BLBG: Copper Falls for Second Day as Stockpiles Fuel Demand Concern
Copper fell for a second day in New York as expanding inventories of metal fueled concern about weakening demand.
Stockpiles monitored by the London Metal Exchange rose to the highest level in six months, while inventories tracked by the Shanghai Futures Exchange were at the highest since June as of last week. Copper also slid before a report that may show slower growth in industrial production in the U.S., the world’s second-largest consumer of the metal after China.
“With Asian LME warehouses continuing to see further inflows of metal, the market remains subdued and nervy, with all eyes on this afternoon’s U.S. industrial-production figures,” Leon Westgate, an analyst at Standard Bank Plc in London, said in a report today.
Copper for May delivery fell 2.5 cents, or 0.5 percent, to $4.521 a pound at 7:45 a.m. on the Comex in New York. Copper for three-month delivery slid 1 percent to $9,910 a metric ton on the LME.
Ebbing demand may be feeding stockpile gains as higher prices encourage substitution, said Nic Brown, an analyst at Natixis Commodity Markets Ltd. in London. LME copper inventories are up 7.5 percent this year.
Today stockpiles climbed 0.8 percent to 405,800 tons, with the biggest gains in warehouses in Singapore and South Korea, daily LME figures showed. Orders to draw copper from stocks, or canceled warrants, jumped 23 percent, the most since Jan. 10, to 13,575 tons.
Demand From China
“I would certainly expect canceled warrants to push higher in the post-Chinese New Year period,” Brown said. “Chinese demand typically takes a few weeks to pick up steam, so stockpiles can increase in the near term.”

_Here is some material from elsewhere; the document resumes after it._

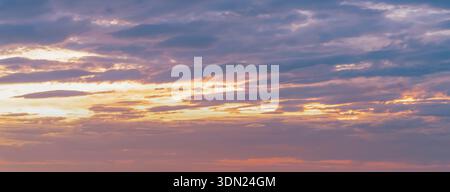 Les nuages s'étendent à travers le ciel au coucher du soleil, montrant diverses nuances d'orange et de violet lorsque la lumière s'estompe. La scène capture les changements dans le ciel du soir Banque D'Images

Markets in China were shut for a week through Feb. 8 for the Lunar New Year holiday.
Output at U.S. factories, mines and utilities increased 0.5 percent after a 0.8 percent gain in December, according to the median forecast of 80 economists surveyed by Bloomberg News. The figures are due at 9:15 a.m. New York time.
Lead for three-month delivery on the LME fell 0.7 percent to $2,616 a ton. Canceled warrants almost quadrupled to 21,575 tons, the highest level since January 2004, while stockpiles were little changed at 297,250 tons after rising yesterday to the highest since March 1995.
A so-called dominant position in lead slid to as much as 79 percent of LME stocks as of Feb. 14 from as much as 89 percent, the exchange said today, while one unidentified company held as much as 79 percent of nickel stockpiles. Nickel dropped 0.5 percent to $28,605 a ton.
Zinc gained 0.4 percent to $2,501 a ton, tin fell 0.3 percent to $32,400 a ton and aluminum was little changed at $2,506 a ton.